Task data below:

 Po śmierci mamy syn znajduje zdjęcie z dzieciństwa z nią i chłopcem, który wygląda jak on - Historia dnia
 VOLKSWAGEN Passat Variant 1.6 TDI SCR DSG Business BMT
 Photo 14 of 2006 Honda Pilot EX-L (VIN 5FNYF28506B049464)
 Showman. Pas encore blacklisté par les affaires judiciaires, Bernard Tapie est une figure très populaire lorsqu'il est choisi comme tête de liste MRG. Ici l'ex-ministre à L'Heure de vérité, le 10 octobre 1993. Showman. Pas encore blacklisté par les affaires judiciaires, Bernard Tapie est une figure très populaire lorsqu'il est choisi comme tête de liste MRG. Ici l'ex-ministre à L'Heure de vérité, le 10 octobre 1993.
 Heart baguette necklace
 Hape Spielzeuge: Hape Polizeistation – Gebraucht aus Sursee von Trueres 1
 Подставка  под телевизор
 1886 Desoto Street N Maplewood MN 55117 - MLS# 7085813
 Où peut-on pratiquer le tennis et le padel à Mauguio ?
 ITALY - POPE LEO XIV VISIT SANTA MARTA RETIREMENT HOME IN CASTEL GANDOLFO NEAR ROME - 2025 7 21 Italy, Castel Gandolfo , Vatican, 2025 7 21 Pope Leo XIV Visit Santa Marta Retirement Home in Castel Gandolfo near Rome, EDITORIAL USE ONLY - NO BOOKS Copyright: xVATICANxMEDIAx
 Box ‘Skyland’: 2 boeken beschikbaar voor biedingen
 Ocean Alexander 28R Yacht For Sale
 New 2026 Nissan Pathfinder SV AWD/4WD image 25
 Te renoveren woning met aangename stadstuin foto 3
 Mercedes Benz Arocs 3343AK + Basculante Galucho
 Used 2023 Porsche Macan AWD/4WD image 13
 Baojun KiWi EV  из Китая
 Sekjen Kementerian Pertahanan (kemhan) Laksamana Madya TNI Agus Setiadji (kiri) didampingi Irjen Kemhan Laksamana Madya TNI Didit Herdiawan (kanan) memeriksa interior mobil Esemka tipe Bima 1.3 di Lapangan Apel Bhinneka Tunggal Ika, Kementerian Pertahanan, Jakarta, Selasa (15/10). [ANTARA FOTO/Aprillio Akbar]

End of Task data.

## Exercise instructions
What is needed is an exact copy of all the data above.

## Result below
 Po śmierci mamy syn znajduje zdjęcie z dzieciństwa z nią i chłopcem, który wygląda jak on - Historia dnia
 VOLKSWAGEN Passat Variant 1.6 TDI SCR DSG Business BMT
 Photo 14 of 2006 Honda Pilot EX-L (VIN 5FNYF28506B049464)
 Showman. Pas encore blacklisté par les affaires judiciaires, Bernard Tapie est une figure très populaire lorsqu'il est choisi comme tête de liste MRG. Ici l'ex-ministre à L'Heure de vérité, le 10 octobre 1993. Showman. Pas encore blacklisté par les affaires judiciaires, Bernard Tapie est une figure très populaire lorsqu'il est choisi comme tête de liste MRG. Ici l'ex-ministre à L'Heure de vérité, le 10 octobre 1993.
 Heart baguette necklace
 Hape Spielzeuge: Hape Polizeistation – Gebraucht aus Sursee von Trueres 1
 Подставка  под телевизор
 1886 Desoto Street N Maplewood MN 55117 - MLS# 7085813
 Où peut-on pratiquer le tennis et le padel à Mauguio ?
 ITALY - POPE LEO XIV VISIT SANTA MARTA RETIREMENT HOME IN CASTEL GANDOLFO NEAR ROME - 2025 7 21 Italy, Castel Gandolfo , Vatican, 2025 7 21 Pope Leo XIV Visit Santa Marta Retirement Home in Castel Gandolfo near Rome, EDITORIAL USE ONLY - NO BOOKS Copyright: xVATICANxMEDIAx
 Box ‘Skyland’: 2 boeken beschikbaar voor biedingen
 Ocean Alexander 28R Yacht For Sale
 New 2026 Nissan Pathfinder SV AWD/4WD image 25
 Te renoveren woning met aangename stadstuin foto 3
 Mercedes Benz Arocs 3343AK + Basculante Galucho
 Used 2023 Porsche Macan AWD/4WD image 13
 Baojun KiWi EV  из Китая
 Sekjen Kementerian Pertahanan (kemhan) Laksamana Madya TNI Agus Setiadji (kiri) didampingi Irjen Kemhan Laksamana Madya TNI Didit Herdiawan (kanan) memeriksa interior mobil Esemka tipe Bima 1.3 di Lapangan Apel Bhinneka Tunggal Ika, Kementerian Pertahanan, Jakarta, Selasa (15/10). [ANTARA FOTO/Aprillio Akbar]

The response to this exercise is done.